It's a slow night; no big-name criminals in sight, no gang shoot-outs happening by the docs. It's rare that Gotham actually sleeps at night, the streets so full of turmoil and pent-up pain that not even the biting cold can usually keep it at bay.
Tonight seems different. Quiet.
Batman enjoys peace, always. In those short moments when everything just exists and before something, somewhere, inevitably goes haywire, Gotham is beautiful.
Maybe it's not the sort of beauty that gets etched into heart and memory by exquisite art made in its honor and name, nor by the lasting sensation of experiencing it for the first time with one's own eyes. It's not the beauty deserving of words of poets and bards to carry lovingly along wherever their worship may reach.
But it is breathtaking, in a way no other place could ever be.
Pulsating with life constantly, unabashedly. Proudly. Always with pride, with heads held high and straight backs of its people, Gotham swallows the dirt and the hurt and lays open and welcoming to anyone brave enough to take their stand. It's not a gentle kind of beauty, no. It's not a gentle kind of love.
It's one that allures sharks and monsters like blood spilled in the water, one that hums with a constant threat of danger below the surface even when the winds are calm. Mesmerizing and magnificent. Alive, even while sleeping.
Batman could never leave this behind.
Even when he left to train, to make himself better, more worthy of his goals, it was always the thought of coming back here that pushed him forward. The urge to become what Gotham needed most in its darkest hours, what it deserved.
Batman can't be sure if he achieved that goal yet, but he sure as hell will give it his best regardless.
The night is calm in a way that doesn't scream of oncoming storms and Batman lets himself, well, not relax, never relax while on the job, but ease out a little. Let the tension go and the paranoia unclench. Breathe.
There is no one else on the rooftops but him.
Well.
Until there is.
A small figure two building over is making their way up the fire escape, the unmistakable shape of a rocket launcher strapped loosely to their back.
Batman stands up, immediately ready to take action. He profoundly ignores the faint feeling of loss over how nice this night could've been. And then he jumps.
Crossing the distance with his new grappling hook gun is as easy as a walk in the park on a sunny day, and it takes him mere seconds to circle the building and intercept the rooftop, unnoticed. He then hides in the shadows, waiting for the (potential) criminal to reach the top as well. It would be… unwise, to startle someone with explosives on a shaky staircase, after all.

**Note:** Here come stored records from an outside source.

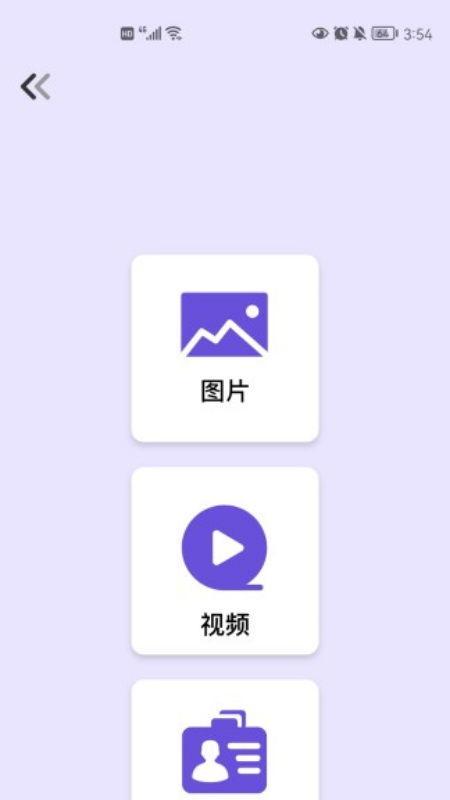 手机数据一键转移APP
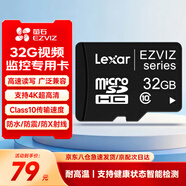 螢石TF卡內存卡存儲卡智能攝像頭專(zhuān)用高速內存卡行車(chē)記錄儀&監控攝像頭內存卡 32G存儲卡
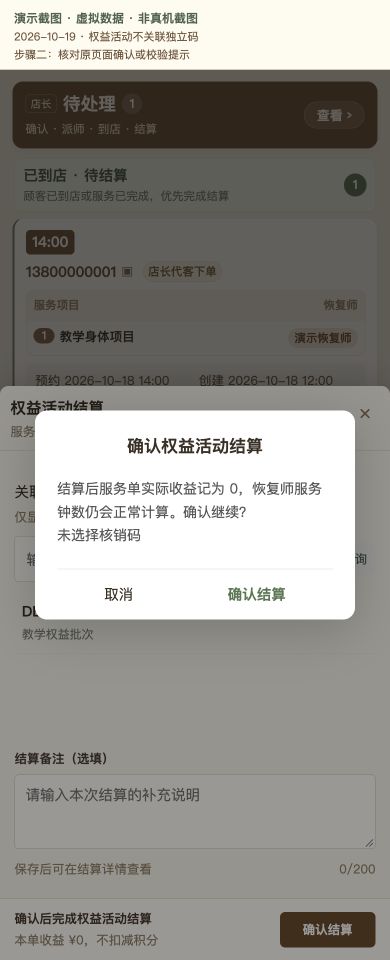 Case 25：权益活动不关联独立码，② 提交前确认 / 校验提示，虚拟数据非真机截图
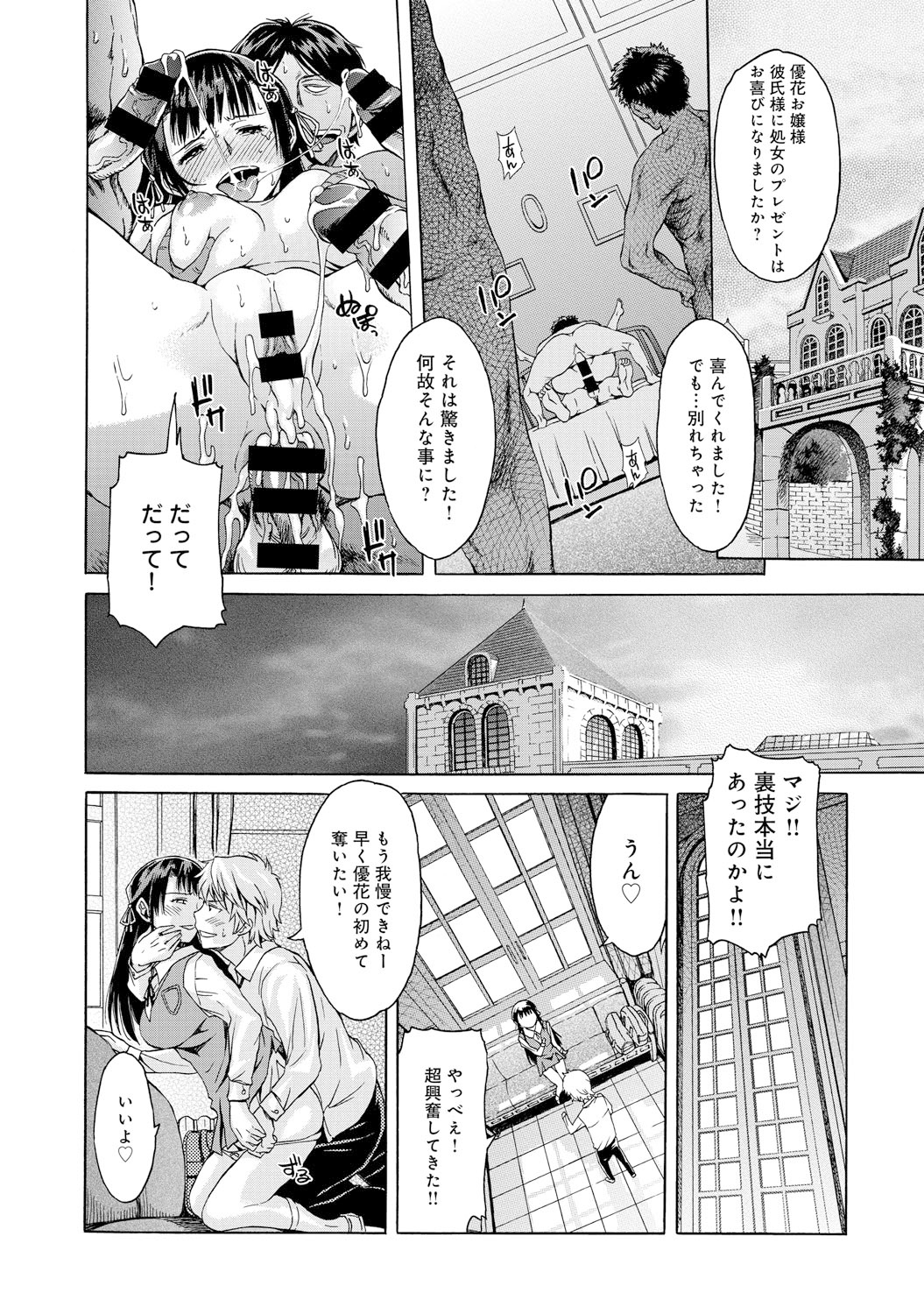 COMIC アンスリウム 021 2015年1月号 [DL版]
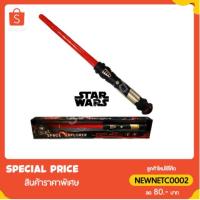 ราคา ดาบสตาร์วอร์ star war ของเล่น เซเบอร์ ดาบ สตาวอร์ ✨✨ (3227873791)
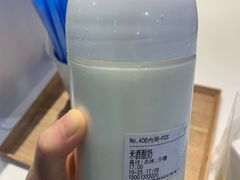 -兰熊鲜奶(西直门凯德mall店)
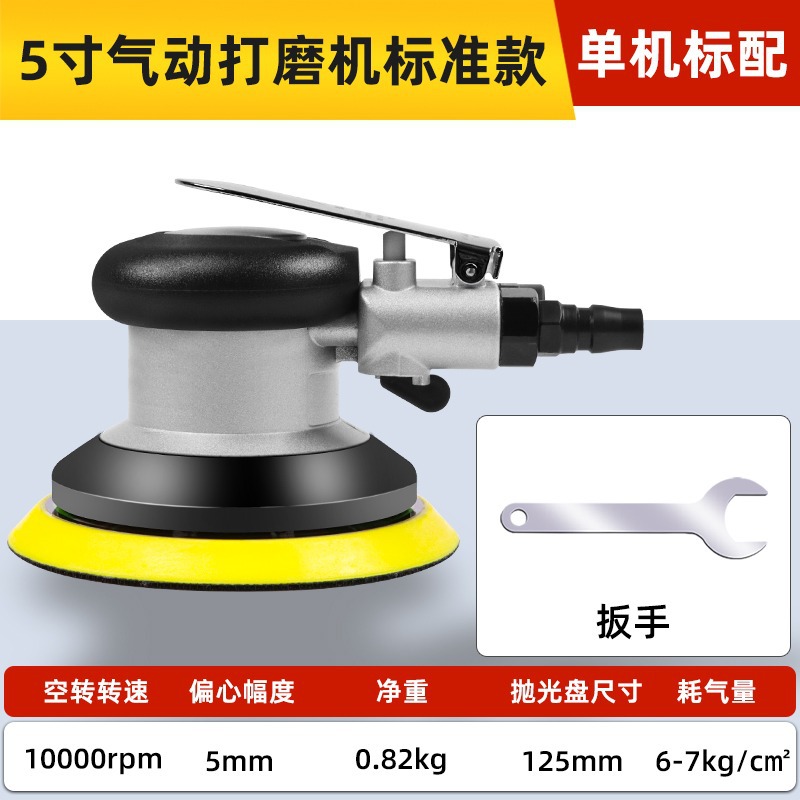 Taiwan – Sheet Metal Spray Repair pneumatic sander polishing - special-standard-all-steel-5-inch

It doesn't take long for the person to crawl their way up, metallic rattling of rusty steps clear in the silence of the night, and soon enough a silhouette emerges from the shadows. A very familiar silhouette.
Batman curses softly under his breath as Jerome — because of course it's Jerome, at this point, why would it be anyone else, really? — stumbles over the ledge. He's muttering something to himself, or maybe over his comms, that Batman can't hear from this distance, patting the pockets of his ridiculous suit. Bright red, even in the dim lights of the street below.
It was supposed to be a slow patrol.
Batman hasn't really seen Jerome on the streets since his last big bank robbery a few weeks prior, laying suspiciously low since he took Bruce Wayne sightseeing to detonate Jeremiah's last remaining batteries over the remnants of his bunker. If Batman wasn't so damn resigned about the petty war going on between the twins that apparently transcends years of absence and prison walls, he maybe, maybe, would've appreciated the sort of sense of poetic (in)justice of it all.
As it is, he's mostly just annoyed.
The whole point of Batman raising in the deepest shadows of the night was that he could face crime on his own terms. Make villains play by his rules. Only Jerome… doesn't.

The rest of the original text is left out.